"Portions for Foxes" is a series of weekly posts, each about one song by a woman or a band led by a woman. See the introduction for more.
You know this song. You knew what it was when you saw the post title.
(Well, maybe not - if you're substantially younger than me, maybe you've never heard it. If so, you are one of today's lucky ten thousand.)
If the band is Romeo Void, the song can only be Never Say Never.
Oh, they had other good songs. A Girl In Trouble. Myself to Myself - and so on. But Never Say Never is a force. If I had to name the hundred best singles ever, it would be on that list. Maybe even if I had to cut it down to the top twenty.
I put the video below, but that's a single edit. For the full experience, you really need the album version.
I might like you better
If we slept together
But there's somethin'
In your eyes that says
Maybe that's never
Never say never
The song has two powerhouses, over a pounding rhythm section, tight drumming and pulsing bass: first is the half-spoken, languid, almost dismissive lyrics from Debora Iyall, always in control, always on the edge of a sneer - the kind of rock & roll voice we heard a million times from men but rarely with this intensity, this purity, from a woman.

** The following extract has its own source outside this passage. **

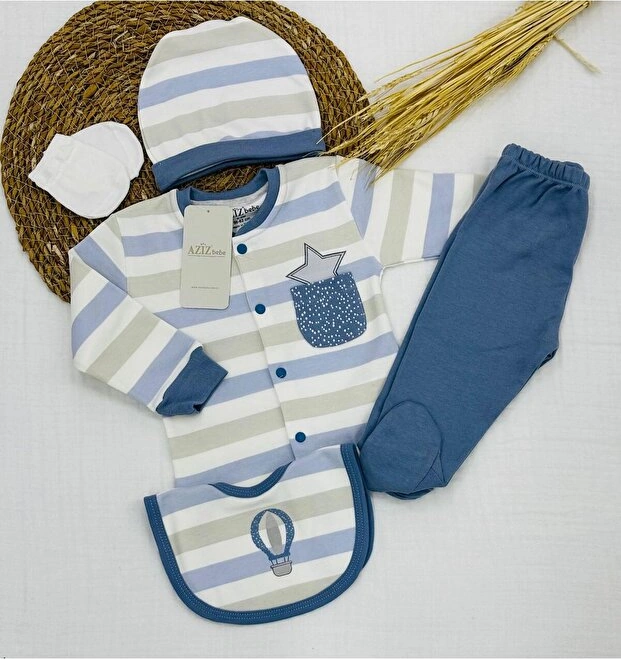 Aziz Bebe %100 Pamul Erkek Bebek 5'li Hastane Çıkışı İndigo Azz.indg.5344 İndigo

The other powerhouse is Benjamin Bossi's saxophone - this is a punky song and an '80s song, so it's a single instrument rather than the blast of brass you get in other kinds of music. The punk comes out as Bossi circles pure noise during parts of the verses, the '80s sax centrality is most obvious in his big mid-song solo and the bap-bap-bap riff that opens several of the verses and becomes a central motif of the song.
This is a song that punches, a song with places to get to, a song that will roll right over you if you get in its way. It is one of the greats.